### [What you are asked to do]
Take the records below and set down exactly the lines from the one with "catti_brie_ online show from 28, 4, 2026" to the one with "vw passat b6", ends included; do not copy the pictures.

Short descriptive text snippets
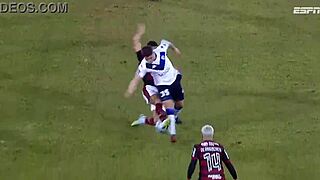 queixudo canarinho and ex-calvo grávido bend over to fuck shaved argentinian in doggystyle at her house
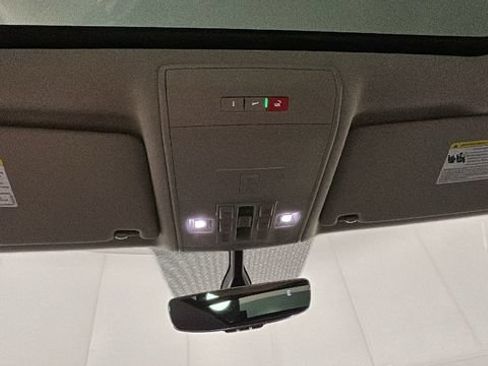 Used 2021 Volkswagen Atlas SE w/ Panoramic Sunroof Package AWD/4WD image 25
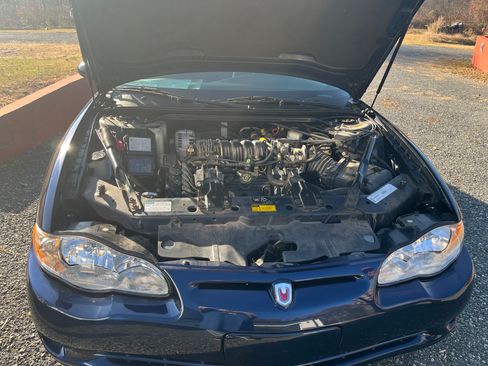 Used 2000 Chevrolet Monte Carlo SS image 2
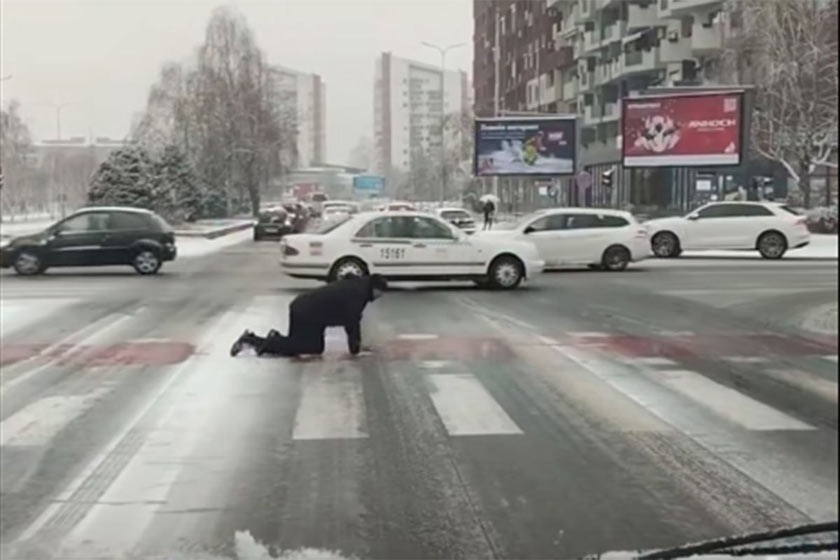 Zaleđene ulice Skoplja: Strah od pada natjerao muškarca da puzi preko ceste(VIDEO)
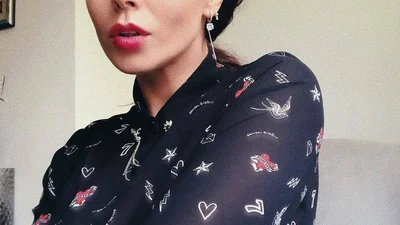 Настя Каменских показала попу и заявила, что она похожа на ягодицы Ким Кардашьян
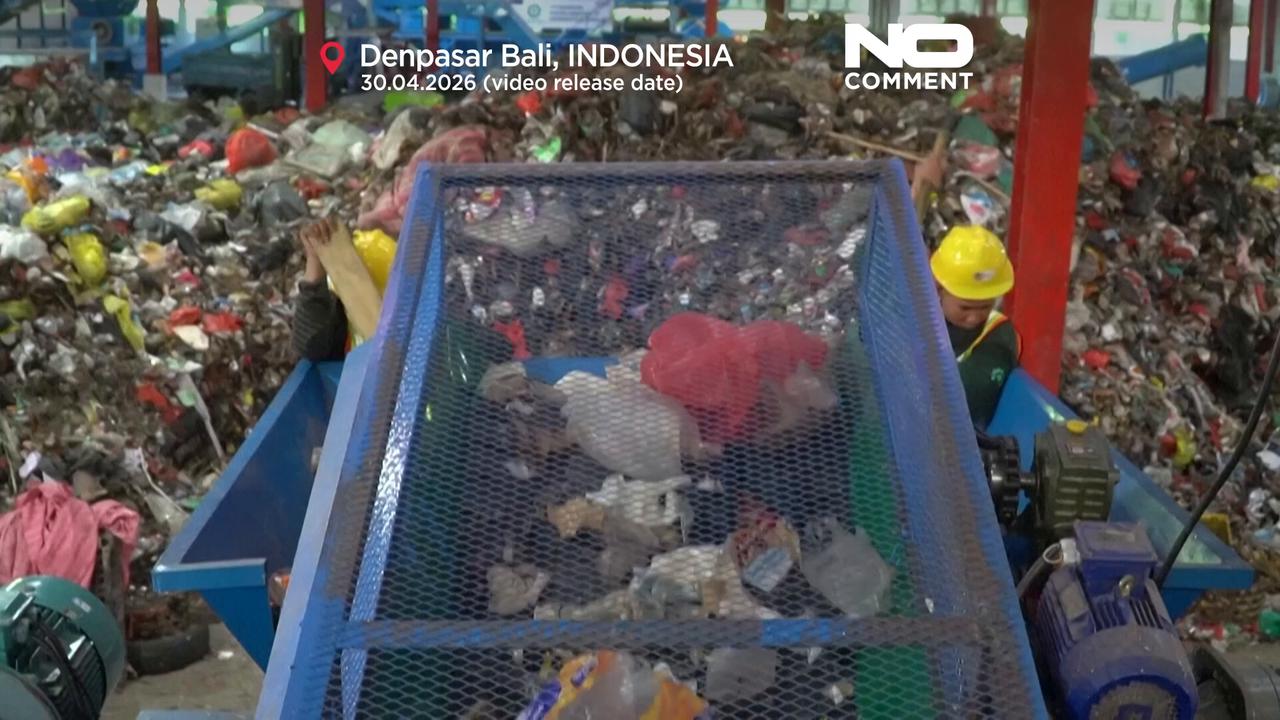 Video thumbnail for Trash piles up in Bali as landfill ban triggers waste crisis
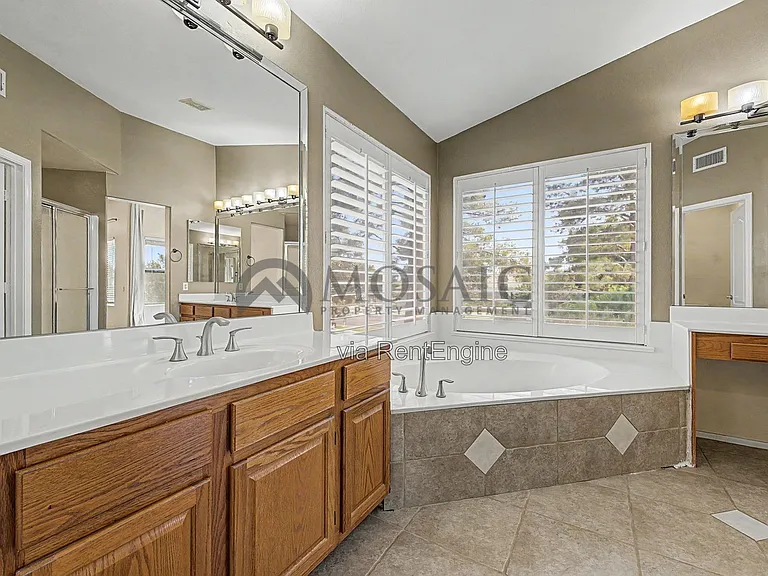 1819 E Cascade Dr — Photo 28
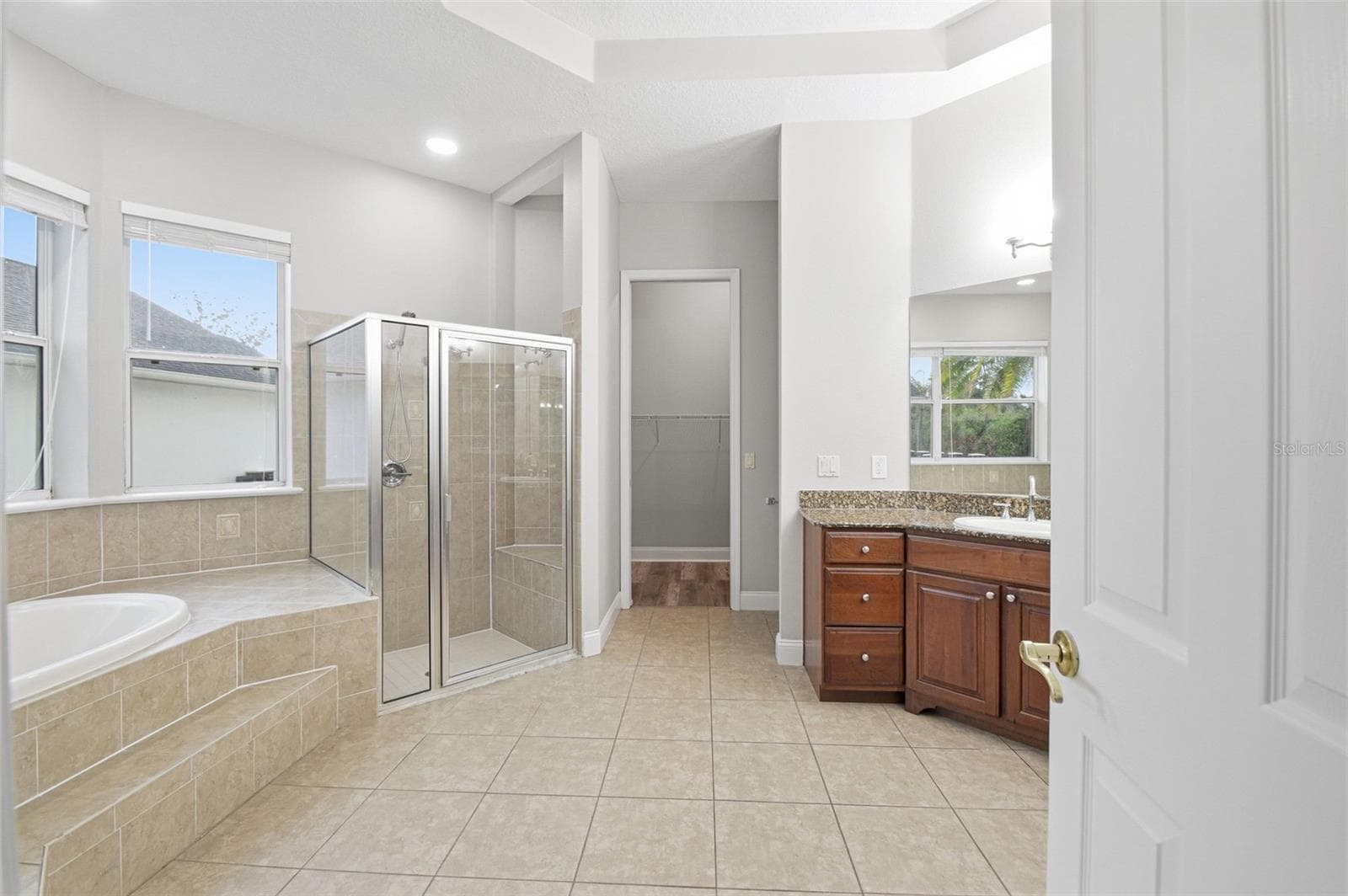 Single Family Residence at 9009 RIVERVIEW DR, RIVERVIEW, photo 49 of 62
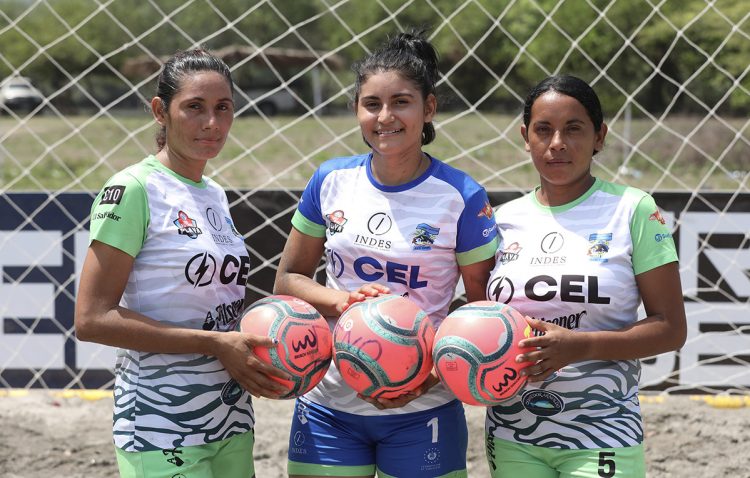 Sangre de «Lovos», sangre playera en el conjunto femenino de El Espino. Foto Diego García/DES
...
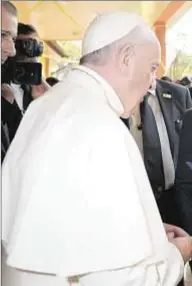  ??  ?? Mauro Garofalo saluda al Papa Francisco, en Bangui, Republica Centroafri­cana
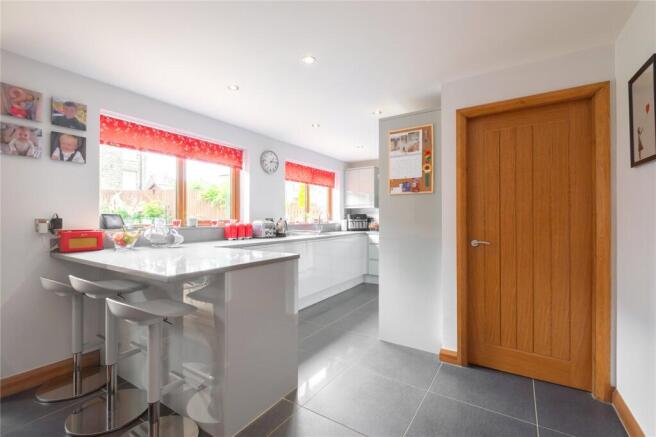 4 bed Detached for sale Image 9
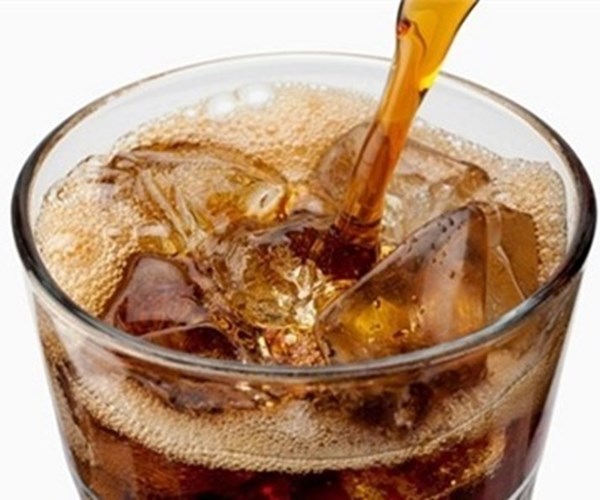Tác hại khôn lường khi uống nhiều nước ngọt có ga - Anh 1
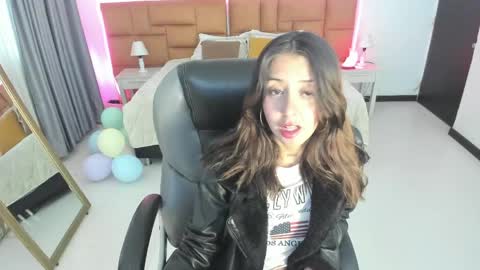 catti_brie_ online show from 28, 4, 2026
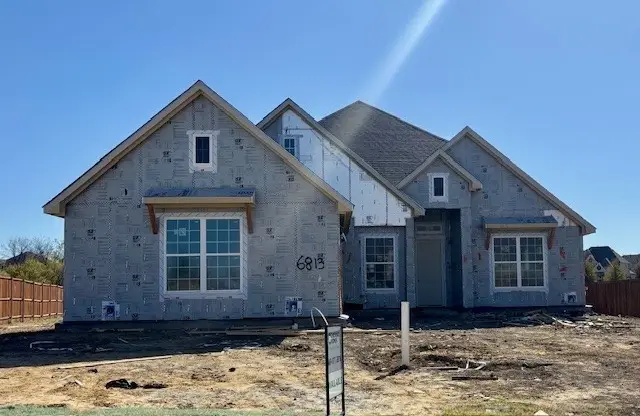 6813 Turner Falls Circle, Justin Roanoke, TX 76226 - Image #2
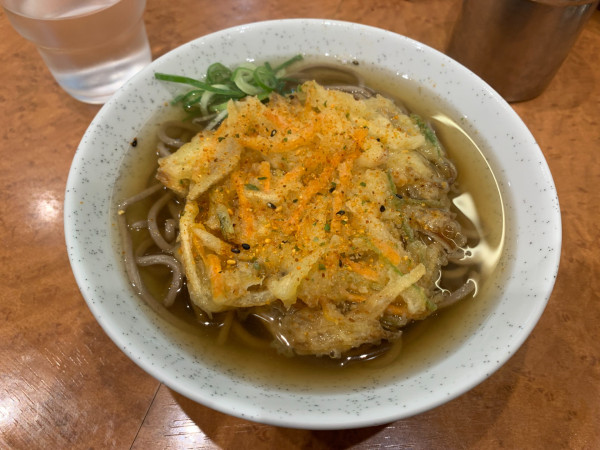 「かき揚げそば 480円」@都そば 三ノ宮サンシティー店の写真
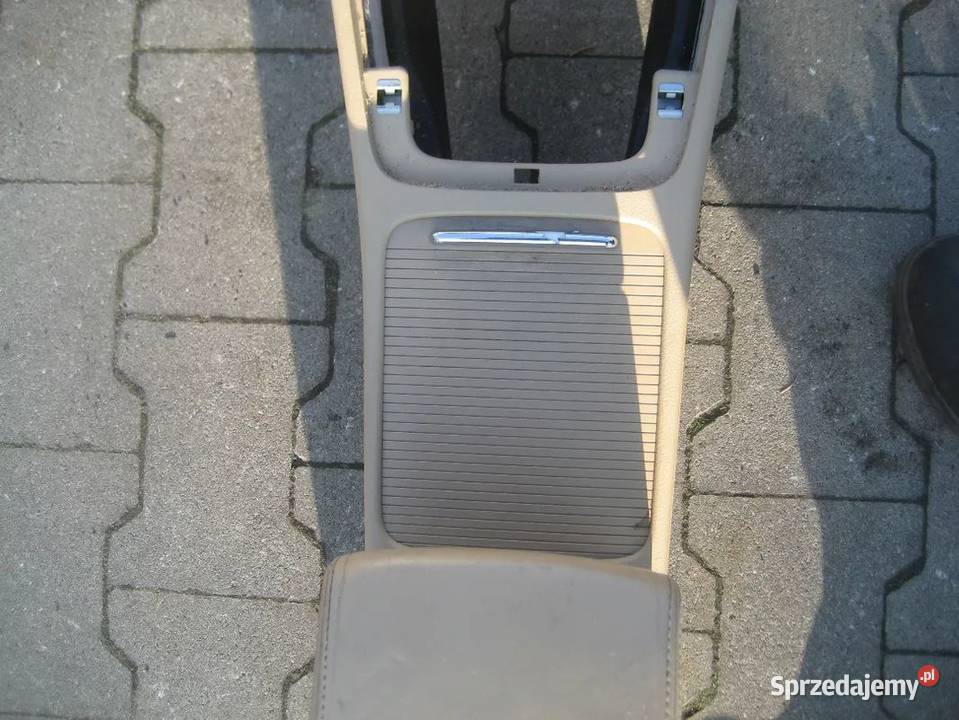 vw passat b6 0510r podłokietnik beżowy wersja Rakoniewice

### [Reply]
 catti_brie_ online show from 28, 4, 2026
 6813 Turner Falls Circle, Justin Roanoke, TX 76226 - Image #2
 「かき揚げそば 480円」@都そば 三ノ宮サンシティー店の写真
 vw passat b6 0510r podłokietnik beżowy wersja Rakoniewice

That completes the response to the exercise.